後にも先にも、これ以上の邦題には出会っていない。
フェイ・ウォンの「夢中人」の、あの体が宙に浮くような高揚感を味わいたくて何度も劇場に足を運んだ。京橋の「テアトル西友」だったと思う。
その後は姉妹作の「天使の涙」の「Only You」を聞くために渋谷のシネマライズを何度も訪れた。会社の帰りにわざわざ最終回を見たり。
ネットで繋がっていた映画ファンの話題もウォン・カーウァイで持ち切りで、だから僕は自分だけ「欲望の翼」を見ていないのが悔しくて、どうせ見るのなら絶対劇場で見たいと、そのためメディアでは予告編以外見ないようにしていた。

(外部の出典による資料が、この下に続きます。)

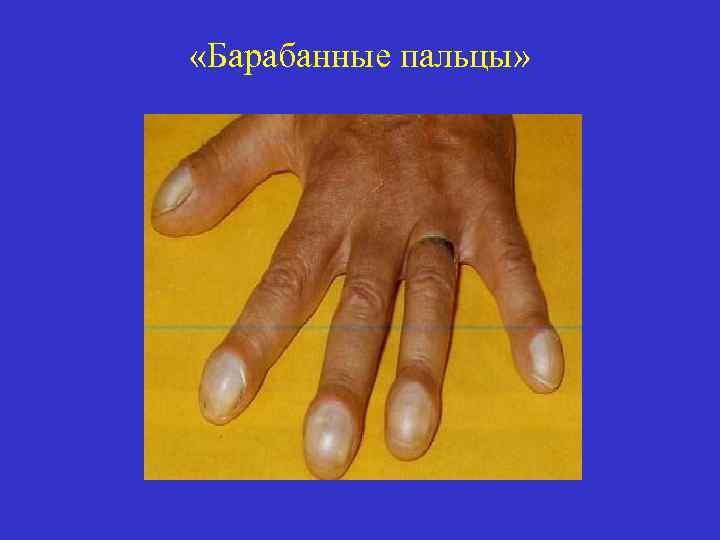  «Барабанные пальцы»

来年の春に「欲望の翼」の再上映が決まった。あれからもう四半世紀も過ぎてしまった。
四半世紀!
「テアトル西友」も「シネマライズ」も無くなり、レスリー・チャンも、もういない。
途方に暮れるほど寂しいし、なんだか無性に腹が立つ。
なんで真っ当なものが姿を消してしまい、駄モノが幅を利かせるのか。
僕はいったい今まで何をしていたのか。
そんな寂しさや腹立たしさを抱えながら、来春はなんとしても「欲望の翼」を見に劇場に足を運ぼうと思う。
言い訳とか、見て見ぬ振りとかは無しだ。